The Entire Future of Media

It’s not often that policymakers are willing to slow down and take a broad look at the decisions that they have made, the changes they’ve incurred and the direction we need to head toward. But the Federal Communications Commission’s “Future of Media” inquiry is doing just that. The agency is taking a holistic look at our media system -- public media, journalism, media ownership and Internet, and the policies that have shaped the system.

The “Future of Media” inquiry calls on citizens to report on the quality of their local media and imagine what a better media system might look like. This afternoon marks the first public workshop on the matter, and explores the idea of “public interest obligations in the digital age.”

In short, this is an opportunity to envision the media we want to see, not merely accept the media we currently have.

The conversation could not be more important or timely. As more media continues to shift from broadcast to broadband, we must ensure that people have access to the news and information necessary to make informed decisions and lead healthy lives. That tension between commercial and civic goals is front and center in today’s discussion. As Free Press Policy Director, Ben Scott, said this afternoon:

I would argue that as we think about evolving technologies, we need to think about evolving our public service principles right alongside. Set aside the dogma of the regulation vs. market fundamentalism debates that so often dominate the FCC’s dockets. Those arguments are simply inapt. The social contracts of mass media policy are not about whether public service principles should be applied upon the market. They are about how they will be applied.
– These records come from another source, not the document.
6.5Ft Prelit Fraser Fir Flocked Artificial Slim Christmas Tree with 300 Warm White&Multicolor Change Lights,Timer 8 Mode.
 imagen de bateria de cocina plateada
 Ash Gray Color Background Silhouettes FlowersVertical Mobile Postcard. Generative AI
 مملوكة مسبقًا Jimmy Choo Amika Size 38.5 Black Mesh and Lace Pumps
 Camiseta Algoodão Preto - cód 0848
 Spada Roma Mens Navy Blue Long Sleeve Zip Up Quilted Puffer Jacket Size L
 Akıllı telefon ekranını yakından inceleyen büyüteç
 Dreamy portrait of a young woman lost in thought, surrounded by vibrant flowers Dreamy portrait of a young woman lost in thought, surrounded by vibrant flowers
The FCC wants to know what you think. You can participate in their online forums (all of which will become part of the public record on this inquiry and help inform their efforts going forward) by visiting the Future of Media’s web site. They want to know how the media are doing in your community.

You can participate in the online discussion via Twitter using the hashtag #FOMwkshop.

Editor's note: This post has been updated to correct a quotation mistakenly attributed to FCC senior advisor Steve Waldman.